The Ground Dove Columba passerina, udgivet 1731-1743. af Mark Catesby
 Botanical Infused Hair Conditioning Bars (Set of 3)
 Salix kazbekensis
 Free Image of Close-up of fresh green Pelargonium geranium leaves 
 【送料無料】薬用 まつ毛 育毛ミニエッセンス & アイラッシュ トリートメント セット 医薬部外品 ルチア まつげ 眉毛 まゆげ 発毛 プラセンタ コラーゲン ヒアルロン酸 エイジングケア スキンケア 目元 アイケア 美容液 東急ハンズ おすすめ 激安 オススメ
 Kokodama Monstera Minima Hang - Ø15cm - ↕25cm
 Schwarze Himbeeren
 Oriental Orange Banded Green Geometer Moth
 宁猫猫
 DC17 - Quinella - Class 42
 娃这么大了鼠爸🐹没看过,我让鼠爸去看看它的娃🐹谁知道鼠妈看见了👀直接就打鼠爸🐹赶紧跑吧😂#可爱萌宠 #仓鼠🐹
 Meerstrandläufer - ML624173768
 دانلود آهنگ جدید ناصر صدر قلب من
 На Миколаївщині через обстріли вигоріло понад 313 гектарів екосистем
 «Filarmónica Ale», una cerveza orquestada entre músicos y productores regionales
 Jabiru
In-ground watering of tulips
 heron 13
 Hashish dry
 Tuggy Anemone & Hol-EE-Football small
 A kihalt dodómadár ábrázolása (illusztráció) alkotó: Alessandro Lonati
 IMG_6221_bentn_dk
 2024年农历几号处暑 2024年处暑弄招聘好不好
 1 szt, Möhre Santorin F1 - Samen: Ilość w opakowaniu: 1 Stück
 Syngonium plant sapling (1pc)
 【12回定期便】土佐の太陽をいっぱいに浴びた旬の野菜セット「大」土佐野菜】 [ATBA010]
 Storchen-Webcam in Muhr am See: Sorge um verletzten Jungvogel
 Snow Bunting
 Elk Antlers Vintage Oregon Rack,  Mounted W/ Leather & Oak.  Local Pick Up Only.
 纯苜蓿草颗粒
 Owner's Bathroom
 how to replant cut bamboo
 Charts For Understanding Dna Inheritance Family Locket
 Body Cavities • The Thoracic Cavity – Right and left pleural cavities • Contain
================
▸ Work required: Restate word for word only the lines above from the line containing "IMG_6221_bentn_dk" to the line containing "Owner's Bathroom", both of them included.

▸ Output below:
 IMG_6221_bentn_dk
 2024年农历几号处暑 2024年处暑弄招聘好不好
 1 szt, Möhre Santorin F1 - Samen: Ilość w opakowaniu: 1 Stück
 Syngonium plant sapling (1pc)
 【12回定期便】土佐の太陽をいっぱいに浴びた旬の野菜セット「大」土佐野菜】 [ATBA010]
 Storchen-Webcam in Muhr am See: Sorge um verletzten Jungvogel
 Snow Bunting
 Elk Antlers Vintage Oregon Rack,  Mounted W/ Leather & Oak.  Local Pick Up Only.
 纯苜蓿草颗粒
 Owner's Bathroom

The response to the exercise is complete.